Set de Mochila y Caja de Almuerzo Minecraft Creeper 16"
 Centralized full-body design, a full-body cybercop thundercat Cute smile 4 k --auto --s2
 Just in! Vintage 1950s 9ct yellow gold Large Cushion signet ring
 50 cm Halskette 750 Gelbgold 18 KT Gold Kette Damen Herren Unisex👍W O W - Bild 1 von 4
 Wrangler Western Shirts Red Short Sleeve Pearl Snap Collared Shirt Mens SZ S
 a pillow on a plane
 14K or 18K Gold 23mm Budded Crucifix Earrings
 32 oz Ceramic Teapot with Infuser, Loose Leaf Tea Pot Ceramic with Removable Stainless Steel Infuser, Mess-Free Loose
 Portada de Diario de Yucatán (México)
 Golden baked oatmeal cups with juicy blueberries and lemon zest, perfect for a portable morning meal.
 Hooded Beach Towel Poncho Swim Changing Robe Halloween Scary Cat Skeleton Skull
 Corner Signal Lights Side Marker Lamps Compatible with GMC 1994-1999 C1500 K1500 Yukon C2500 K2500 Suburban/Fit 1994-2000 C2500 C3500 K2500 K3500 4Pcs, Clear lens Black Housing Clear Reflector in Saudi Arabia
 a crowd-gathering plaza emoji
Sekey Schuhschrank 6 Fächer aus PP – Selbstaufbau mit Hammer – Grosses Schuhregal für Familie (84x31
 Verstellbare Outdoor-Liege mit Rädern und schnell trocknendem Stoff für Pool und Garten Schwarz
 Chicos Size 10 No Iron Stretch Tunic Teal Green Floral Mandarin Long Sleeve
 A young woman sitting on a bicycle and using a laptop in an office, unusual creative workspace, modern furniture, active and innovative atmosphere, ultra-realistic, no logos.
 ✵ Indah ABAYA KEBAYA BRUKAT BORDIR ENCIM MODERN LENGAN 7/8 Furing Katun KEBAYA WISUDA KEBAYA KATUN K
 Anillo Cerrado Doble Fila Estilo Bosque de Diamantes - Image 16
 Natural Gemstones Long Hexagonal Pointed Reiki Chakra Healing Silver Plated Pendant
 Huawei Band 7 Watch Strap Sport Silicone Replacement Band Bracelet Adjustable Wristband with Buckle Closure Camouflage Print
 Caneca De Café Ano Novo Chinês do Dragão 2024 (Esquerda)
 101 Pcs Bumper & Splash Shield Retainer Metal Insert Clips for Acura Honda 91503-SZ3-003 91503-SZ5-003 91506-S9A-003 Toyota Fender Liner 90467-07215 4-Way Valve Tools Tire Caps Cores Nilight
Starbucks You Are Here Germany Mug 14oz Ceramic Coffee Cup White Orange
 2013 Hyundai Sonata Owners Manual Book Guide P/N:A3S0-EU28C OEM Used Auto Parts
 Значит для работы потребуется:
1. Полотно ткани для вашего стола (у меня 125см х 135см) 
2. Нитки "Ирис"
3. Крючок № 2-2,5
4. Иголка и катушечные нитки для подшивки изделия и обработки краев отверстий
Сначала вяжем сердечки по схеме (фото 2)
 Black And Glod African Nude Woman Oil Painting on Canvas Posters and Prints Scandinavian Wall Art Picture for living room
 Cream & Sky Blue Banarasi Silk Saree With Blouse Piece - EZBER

> _Assignment_
A verbatim copy of all the entries is the expected result.

> _Written response_
Set de Mochila y Caja de Almuerzo Minecraft Creeper 16"
 Centralized full-body design, a full-body cybercop thundercat Cute smile 4 k --auto --s2
 Just in! Vintage 1950s 9ct yellow gold Large Cushion signet ring
 50 cm Halskette 750 Gelbgold 18 KT Gold Kette Damen Herren Unisex👍W O W - Bild 1 von 4
 Wrangler Western Shirts Red Short Sleeve Pearl Snap Collared Shirt Mens SZ S
 a pillow on a plane
 14K or 18K Gold 23mm Budded Crucifix Earrings
 32 oz Ceramic Teapot with Infuser, Loose Leaf Tea Pot Ceramic with Removable Stainless Steel Infuser, Mess-Free Loose
 Portada de Diario de Yucatán (México)
 Golden baked oatmeal cups with juicy blueberries and lemon zest, perfect for a portable morning meal.
 Hooded Beach Towel Poncho Swim Changing Robe Halloween Scary Cat Skeleton Skull
 Corner Signal Lights Side Marker Lamps Compatible with GMC 1994-1999 C1500 K1500 Yukon C2500 K2500 Suburban/Fit 1994-2000 C2500 C3500 K2500 K3500 4Pcs, Clear lens Black Housing Clear Reflector in Saudi Arabia
 a crowd-gathering plaza emoji
Sekey Schuhschrank 6 Fächer aus PP – Selbstaufbau mit Hammer – Grosses Schuhregal für Familie (84x31
 Verstellbare Outdoor-Liege mit Rädern und schnell trocknendem Stoff für Pool und Garten Schwarz
 Chicos Size 10 No Iron Stretch Tunic Teal Green Floral Mandarin Long Sleeve
 A young woman sitting on a bicycle and using a laptop in an office, unusual creative workspace, modern furniture, active and innovative atmosphere, ultra-realistic, no logos.
 ✵ Indah ABAYA KEBAYA BRUKAT BORDIR ENCIM MODERN LENGAN 7/8 Furing Katun KEBAYA WISUDA KEBAYA KATUN K
 Anillo Cerrado Doble Fila Estilo Bosque de Diamantes - Image 16
 Natural Gemstones Long Hexagonal Pointed Reiki Chakra Healing Silver Plated Pendant
 Huawei Band 7 Watch Strap Sport Silicone Replacement Band Bracelet Adjustable Wristband with Buckle Closure Camouflage Print
 Caneca De Café Ano Novo Chinês do Dragão 2024 (Esquerda)
 101 Pcs Bumper & Splash Shield Retainer Metal Insert Clips for Acura Honda 91503-SZ3-003 91503-SZ5-003 91506-S9A-003 Toyota Fender Liner 90467-07215 4-Way Valve Tools Tire Caps Cores Nilight
Starbucks You Are Here Germany Mug 14oz Ceramic Coffee Cup White Orange
 2013 Hyundai Sonata Owners Manual Book Guide P/N:A3S0-EU28C OEM Used Auto Parts
 Значит для работы потребуется:
1. Полотно ткани для вашего стола (у меня 125см х 135см) 
2. Нитки "Ирис"
3. Крючок № 2-2,5
4. Иголка и катушечные нитки для подшивки изделия и обработки краев отверстий
Сначала вяжем сердечки по схеме (фото 2)
 Black And Glod African Nude Woman Oil Painting on Canvas Posters and Prints Scandinavian Wall Art Picture for living room
 Cream & Sky Blue Banarasi Silk Saree With Blouse Piece - EZBER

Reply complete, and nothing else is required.